Inside a bowling alley: Please be quiet. We need to hear a pin drop.

At a maternity clothes shop: We are open on Labor Day.

On a desk in a reception room: We shoot every 3rd salesman, and the 2nd one just left.

On a fence: Salesmen welcome. Dog food is expensive.

On a plumbing company's trucks: Don’t sleep with a drip. Call your plumber.

On a scientist's door: Gone Fission

On a taxidermist's window: We really know our stuff.

On an established dry cleaning store: Thirty-eight years on the same spot.

On the door of a computer store: Out for a quick byte.

Outside an antique shop: We buy junk and sell antiques.

Sign at the psychic's hotline: Don't call us, we'll call you.

----------------------------------------------------------

And my favourite (Patel & Co. Plumbing in London): You've tried the cowboys, now try the Indians.

Classic!

Wednesday 1 October 2008

The Self and the Other

An aspect of the recent stock market meltdown has led me to some philosophical musings regarding ourselves versus other people.

When they say trillions have been wiped off the stock market, what do they mean exactly?

The market value of the stock is what the market thinks it is worth. Obviously, when a crash happens, a lot of people suddenly think a lot of stocks are not worth what they thought they were worth just hours earlier, and they put their money where their opinions are by not being willing to pay the earlier price for them. It's just opinion that suddenly changes. Nothing in the real world has changed in such a short period of time except some trigger event.

The reasons for the change of opinion have been heavily researched, and will no doubt continue to be heavily researched, but my immediate concern is something else.

Why are people suddenly "poorer" after a stock market crash?

If the bulk of a person's savings is held in the form of shares, either directly or indirectly (through mutual funds that invest in shares) [or even more indirectly (through retirement savings plans that invest in mutual funds)], their "wealth" is not measured by how well they dress and eat and live but by the value of the shares in which their entire life savings are ultimately invested. I have been oversimplifying by using the word "shares" when I should have been saying "assets", which include real estate, commodities (gold, oil, wheat) and securitised versions of these.

When the market value of assets crashes, the owners of those assets become poorer overnight.

In other words, in a financial sense, we are ultimately worth what other people think we are worth.

How starkly this contrasts with Eleanor Roosevelt's reassuring admonition that no one can make us feel inferior without our consent!

But on reflection, I realise that the two statements are not saying different things at all.
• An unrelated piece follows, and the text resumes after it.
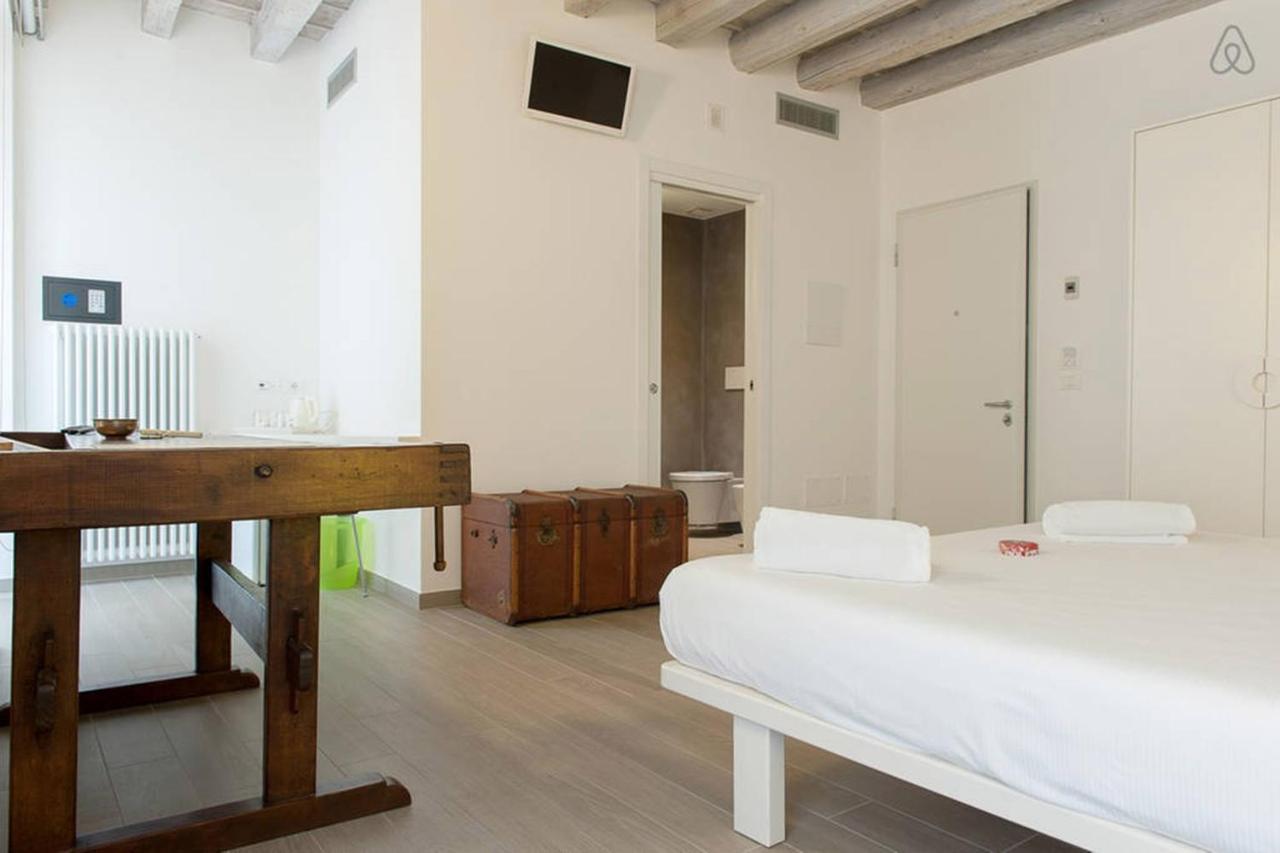 فندق Residenza Cardo Massimo فيرونا المظهر الخارجي الصورة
When the market suffers a "correction", it implies that the new value of the assets we hold are the "correct" ones. Therefore it can only mean we bought them at unrealistically inflated prices. In other words, we accepted other people's opinion of what they were worth at the time we bought them. That's why we're now poorer. We have allowed other people to make us feel inferior because we earlier (wrongly) allowed an aspect of our true worth (our savings) to be pegged to other people's inflated opinions of various assets.

So Warren Buffett and Eleanor Roosevelt are essentially saying the same thing. Look for the fundamentals, for true worth. If you are blindly led by the opinions of others, they can make you feel superior for a while while the market continues to boom. But when things return to their "true" value, they can make you feel inferior as well. And it can really hurt.

On the positive side, if you invested in true value and the market has now crashed to take the price of your assets below their true value, there's no need to feel down. Things will eventually return to normal, and you will once again be seen to be worth what you are (in financial terms). Just don't panic and sell :-).